Литмир - Электронная Библиотека
Содержание  
A
A

— И попрошу без антисемитских намеков! — Надменно поднял темную бровь фон Шаунбург на какую-то совершенно, следует отметить, невинную шутку Матвеева. — Антисемит, господин Гринвуд, у нас один, и он — я. По служебной необходимости, так сказать, по происхождению и душевной склонности.

— Ты антисемит? — Почти искренне удивился Степан.

— Я. — Усмехнулся Олег.

— А я, тогда, кто? — Ответил Матвеев словами из старого анекдота про новых русских.

— А вас… англичан никогда толком не поймешь. Туман.

Вот так вот, и что он хотел этим сказать? На какую заднюю мысль намекал? И кто он, Майкл Гринвуд или Степан Матвеев, на самом деле, здесь и сейчас? Хороший вопрос, иметь бы к нему и ответ.

А разговор между тем продолжался и нечувствительно перешел на «Танго в Париже». Да и странно было бы, если бы не перешел.

— Ну, что скажешь, баронет? — Говорили по-французски, просто потому что так было удобнее. Не надо перестраиваться каждую минуту, и «фильтровать базар» тоже не нужно. На каком бы еще языке и говорить между собой двум образованным людям: немцу и англичанину?

— Ну, что скажешь, баронет?

— А можно я промолчу?

Обсуждать фильм и Татьяну Матвеев решительно не желал.
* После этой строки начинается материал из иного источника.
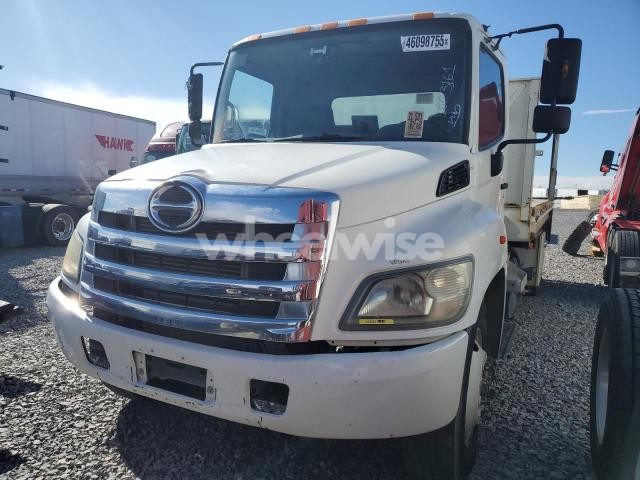 Photo 3 of 2013 HINO 268 FLATBED TRUCK (VIN 5PVNJ8JV4D4S55549)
Тем более, с Олегом. Тогда, той пьяной ночью в Арденнах, он ведь про нее ничего не знал. Это потом уже выяснилось, что Татьяна и Олег знакомы и как бы даже более чем знакомы…

— А можно я промолчу? — Голос не дрогнул и рука, подхватывающая чашечку с кофе, тоже.

— А что так? — Поднял бровь Олег, совершенно не похожий на себя самого, каким знал и любил его Степан. — Я тебя, вроде бы, ни в чем не обвинял…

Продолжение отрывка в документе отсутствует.